Except as set forth herein, none of the Reporting Parties or, to the
knowledge of the Reporting Parties, none of the persons named in Schedule I
hereto beneficially owns any shares of Common Stock or has effected any
transactions in shares of Common Stock during the preceding 60 days.

     (d) The partners of CIPEF have the right to receive dividends from, or
proceeds from the sale of, all of the shares of Common Stock owned of
record by CIPEF.

     (e) Not applicable.

ITEM 6.   Contracts, Arrangements, Understandings or Relationships With
          -------------------------------------------------------------
          Respect to Securities of the Issuer
          -----------------------------------

     Item 6 is hereby further amended by adding the following paragraphs
(b.1), (c.1) and (d) after existing paragraphs (b) and (c) respectively and
deleting existing paragraphs (b) and (c) as of the Telenor Effective Date:

     "(b.1) Successor Standstill Agreement.

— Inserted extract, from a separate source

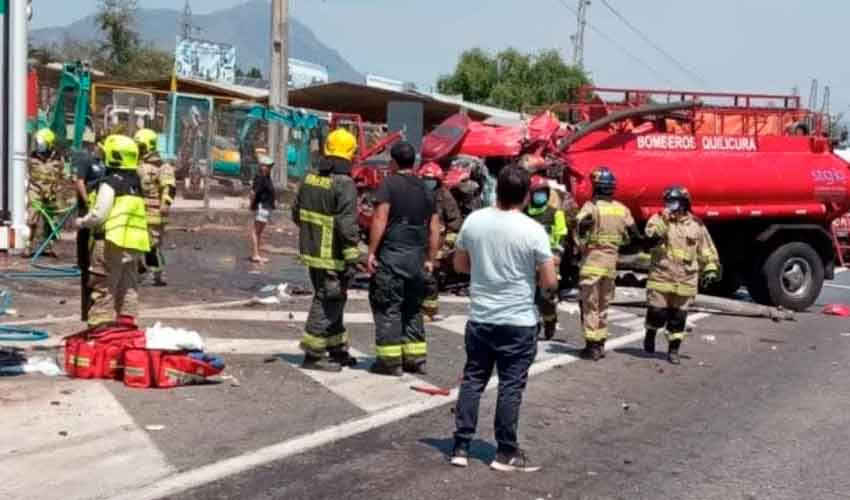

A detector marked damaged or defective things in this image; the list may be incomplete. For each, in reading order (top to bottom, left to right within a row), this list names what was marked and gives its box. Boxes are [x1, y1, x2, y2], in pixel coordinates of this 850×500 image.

As disclosed in Item 5 above,
Golden Telecom, RTK, Alfa Telecom, Telenor, CIPEF, Cavendish and First NIS
Fund have entered into the Successor Standstill Agreement effective as of
the Telenor Effective Date, pursuant to which each of them agreed, among
other things, not to (i) acquire shares of voting stock of Golden Telecom
in excess of specified levels (subject to certain exceptions) or (ii)
engage in proxy contests in respect of shares of voting stock of Golden
Telecom, in each case for a period of eighteen months following the date of
the Successor Standstill Agreement. The Successor Standstill Agreement
expires upon the occurrence of any of the following: (i) the mutual
agreement of the parties thereto, (ii) the voluntary or involuntary filing
of a petition in bankruptcy by or against Golden Telecom, (iii) an event of
insolvency affecting Golden Telecom, or the appointment of a receiver for
Golden Telecom, (iv) the date on which any person owns, individually or
collectively with its affiliates, 50% or more of the Golden Telecom voting
stock, or (v) the date eighteen months following the effectiveness of the
Successor Standstill Agreement. Any party to the Successor Standstill
Agreement who, together with its affiliates, having once attained ownership
of at least 3% or more of the Golden Telecom voting stock, thereafter
ceases to own, together with its affiliates, at least 3% of the Golden
Telecom voting stock, shall cease to be a party thereto and shall cease to
have any rights or obligations thereunder. A copy of the Successor
Standstill Agreement, which is intended to supersede the Prior Standstill
Agreement as of the Telenor Effective Date, is included as Exhibit 99.12 to
this statement and qualifies the disclosure set forth herein in its
entirety.

     (c.1) Successor Shareholders Agreement. Golden Telecom, RTK, Alfa
Telecom, Telenor, CIPEF, Cavendish and First NIS Fund have entered into the
Successor Shareholders Agreement effective as of the Telenor Effective
Date. The Successor Shareholders Agreement provides for certain tag-along
rights exercisable by CIPEF, RTK and Barings in the event that Alfa Telecom
proposes to transfer shares to a third party who will own, directly or
indirectly, not less than one-third of Golden Telecom's Common Stock or
capital stock (as adjusted for capital changes) immediately after such
transfer. Upon the exercise by CIPEF, RTK or Barings of such right, the
exercising party may sell to the third party its pro rata portion of the
shares covered by the third party offer.

     The Successor Shareholders Agreement also provides each of Alfa
Telecom and Telenor (i) the right to participate on a pro rata basis in a
transfer of Golden Telecom shares when either party receives a bona fide
offer for Golden Telecom shares and (ii) the right to participate on an
equal basis in an offer to purchase the Golden Telecom shares held by
Barings or CIPEF. The Successor Shareholders Agreement also provides Alfa
Telecom, Telenor and RTK with a right of first offer in the event that a
significant shareholder proposes to transfer any Golden Telecom shares to
another person. In addition, the Successor Shareholders Agreement grants to
each of RTK, Alfa Telecom, Telenor, CIPEF, Cavendish and First NIS Fund a
limited pre-emptive right to acquire its pro rata share of new securities
(on a fully diluted basis) issued by Golden Telecom from time to time
during the term of the Successor Shareholders Agreement.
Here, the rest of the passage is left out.